Work order:
Every line from the one with "Kumi Hands珍珠圓形鈕扣 25mm, 5個, 金黑色" to the final line of the records should be printed exactly as it is, with pictures left out.
========
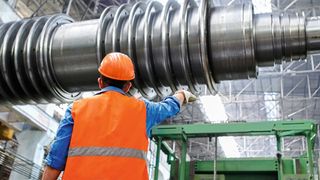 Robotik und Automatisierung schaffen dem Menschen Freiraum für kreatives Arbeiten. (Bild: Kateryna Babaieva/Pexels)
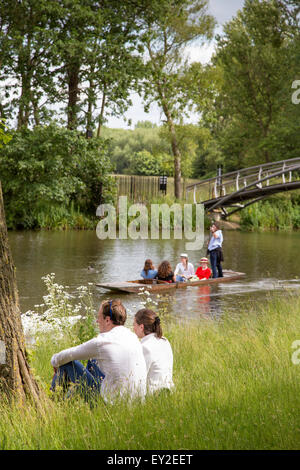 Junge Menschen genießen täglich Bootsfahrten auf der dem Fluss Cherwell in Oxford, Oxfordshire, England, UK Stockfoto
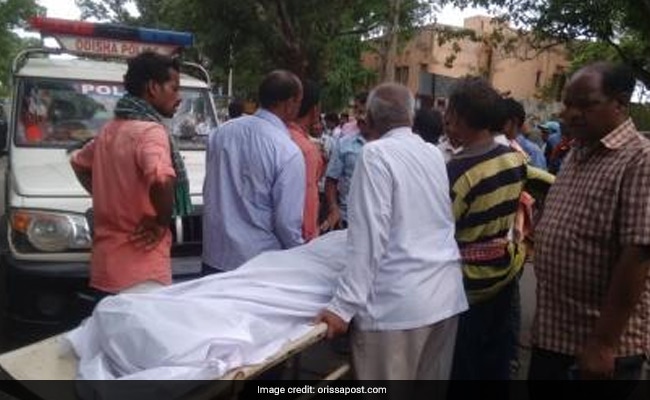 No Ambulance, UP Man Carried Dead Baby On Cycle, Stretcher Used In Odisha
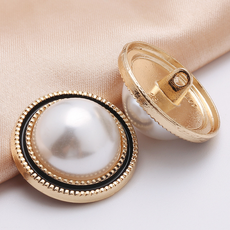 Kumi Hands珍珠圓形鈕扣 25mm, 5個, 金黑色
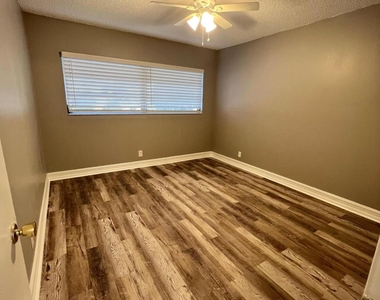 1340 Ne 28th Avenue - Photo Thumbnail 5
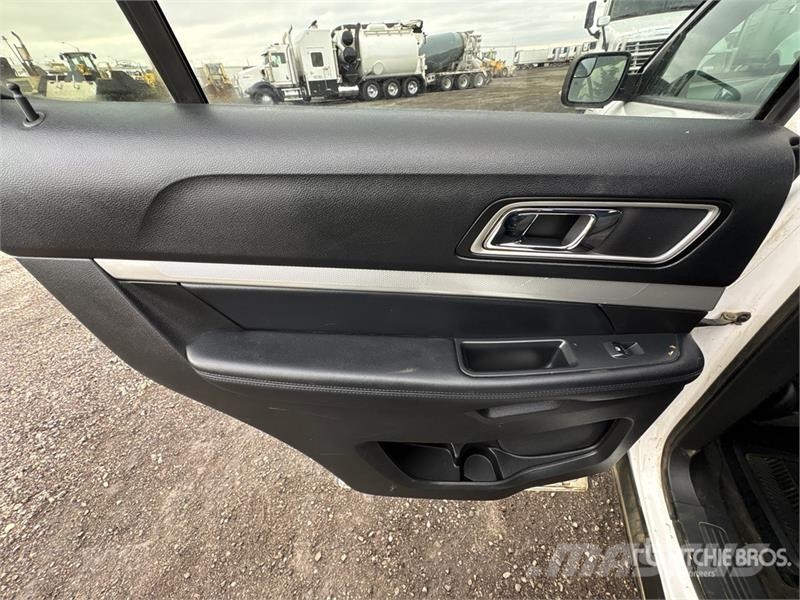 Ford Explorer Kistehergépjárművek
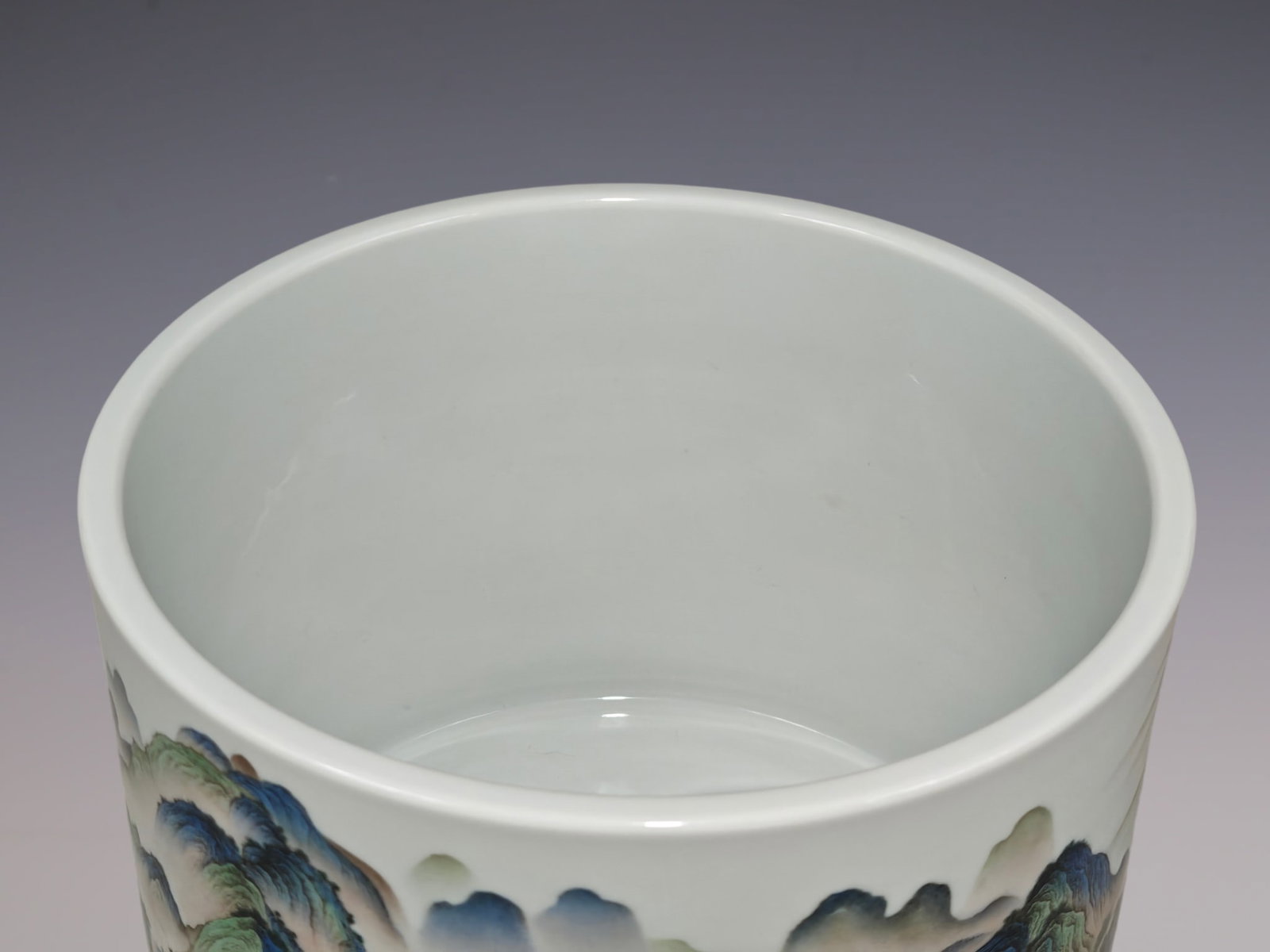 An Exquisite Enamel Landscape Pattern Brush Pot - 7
========
Answer for the task:
 Kumi Hands珍珠圓形鈕扣 25mm, 5個, 金黑色
 1340 Ne 28th Avenue - Photo Thumbnail 5
 Ford Explorer Kistehergépjárművek
 An Exquisite Enamel Landscape Pattern Brush Pot - 7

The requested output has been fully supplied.